Because given what others are doing, no individual has an incentive to deviate from 0 (regardless of whether they've agreed to it or not). In contrast, if they're really trying to win, every individual agent has an incentive to deviate from 67.
ETA: You can get around the latter problem if you have an enforcement mechanism that lets you punish defectors; but that's adding something not in the original set up, which is why I prefer to consider it changing the rules of the game.
Coordination determines the joint outcome, or some property of the joint outcome; possibility of defection means lack of total coordination for the given outcome. Punishment is only one of the possible ways of ensuring coordination (although the only realistic one for humans, in most cases). Between the two coordinated strategies, 67 is as good as 0.
What I wondered is what it could mean to establish the total lack of coordination, impossibility of implicit communication through running common algorithms, having common origin, sharing common biases, etc, so...
I'd like to play a game with you. Send me, privately, a real number between 0 and 100, inclusive. (No funny business. If you say "my age", I'm going to throw it out.) The winner of this game is the person who, after a week, guesses the number closest to 2/3 of the average guess. I will reveal the average guess, and will confirm the winner's claims to have won, but I will reveal no specific guesses.
Suppose that you're a rational person. You also know that everyone else who plays this game is rational, you know that they know that, you know that they know that, and so on. Therefore, you conclude that the best guess is P. Since P is the rational guess to make, everyone will guess P, and so the best guess to make is P*2/3. This gives an equation that we can solve to get P = 0.
I propose that this game be used as a sort of test to see how well Aumann's agreement theorem applies to a group of people. The key assumption the theorem makes--which, as taw points out, is often overlooked--is that the group members are all rational and honest and also have common knowledge of this. This same assumption implies that the average guess will be 0. The farther from the truth this assumption is, the farther the average guess is going to be from 0, and the farther Aumann's agreement theorem is from applying to the group.
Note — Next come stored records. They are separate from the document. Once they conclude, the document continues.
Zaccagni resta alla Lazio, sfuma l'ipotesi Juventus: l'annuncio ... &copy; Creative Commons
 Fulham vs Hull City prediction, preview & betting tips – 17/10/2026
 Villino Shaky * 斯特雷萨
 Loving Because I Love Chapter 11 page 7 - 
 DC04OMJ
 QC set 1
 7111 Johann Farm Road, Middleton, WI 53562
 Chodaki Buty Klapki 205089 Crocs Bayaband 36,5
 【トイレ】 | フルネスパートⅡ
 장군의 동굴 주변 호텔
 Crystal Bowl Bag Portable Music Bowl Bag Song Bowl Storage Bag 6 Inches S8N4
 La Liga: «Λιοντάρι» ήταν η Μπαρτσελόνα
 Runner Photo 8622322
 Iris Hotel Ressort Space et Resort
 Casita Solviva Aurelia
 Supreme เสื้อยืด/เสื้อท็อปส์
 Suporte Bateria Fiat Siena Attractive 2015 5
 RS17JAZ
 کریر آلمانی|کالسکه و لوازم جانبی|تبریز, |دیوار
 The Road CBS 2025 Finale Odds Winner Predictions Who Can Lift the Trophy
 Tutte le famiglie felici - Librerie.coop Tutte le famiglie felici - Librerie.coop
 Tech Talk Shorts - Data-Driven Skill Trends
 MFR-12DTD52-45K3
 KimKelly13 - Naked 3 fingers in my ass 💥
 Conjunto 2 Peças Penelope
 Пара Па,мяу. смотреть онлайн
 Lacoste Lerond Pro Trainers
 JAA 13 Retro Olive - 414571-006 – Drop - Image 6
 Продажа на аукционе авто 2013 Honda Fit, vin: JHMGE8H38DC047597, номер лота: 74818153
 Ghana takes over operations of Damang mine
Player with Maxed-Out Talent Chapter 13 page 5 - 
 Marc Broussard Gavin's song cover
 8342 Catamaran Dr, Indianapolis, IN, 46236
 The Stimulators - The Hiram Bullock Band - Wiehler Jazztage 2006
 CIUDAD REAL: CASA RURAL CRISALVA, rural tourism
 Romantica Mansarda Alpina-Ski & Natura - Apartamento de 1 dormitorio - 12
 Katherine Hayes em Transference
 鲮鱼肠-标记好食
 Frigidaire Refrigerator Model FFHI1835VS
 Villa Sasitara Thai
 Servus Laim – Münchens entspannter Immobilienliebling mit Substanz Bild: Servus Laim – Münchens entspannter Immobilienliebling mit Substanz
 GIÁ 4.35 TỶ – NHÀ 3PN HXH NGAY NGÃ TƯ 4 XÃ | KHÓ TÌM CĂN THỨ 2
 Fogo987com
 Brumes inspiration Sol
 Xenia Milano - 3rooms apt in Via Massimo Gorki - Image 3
Update (June 20): The game is finished; sorry for the delay in getting the results. The average guess was about 13.235418197890148 (a number which probably contains as much entropy as its length), meaning that the winning guess is the one closest to 8.823612131926765. This number appears to be significantly below the number typical for groups of ordinary people, but not dramatically so. 63% of guesses were too low, indicating that people were overall slightly optimistic about the outcome (if you interpret lower as better). Anyway, I will notify the winner ahora mismo.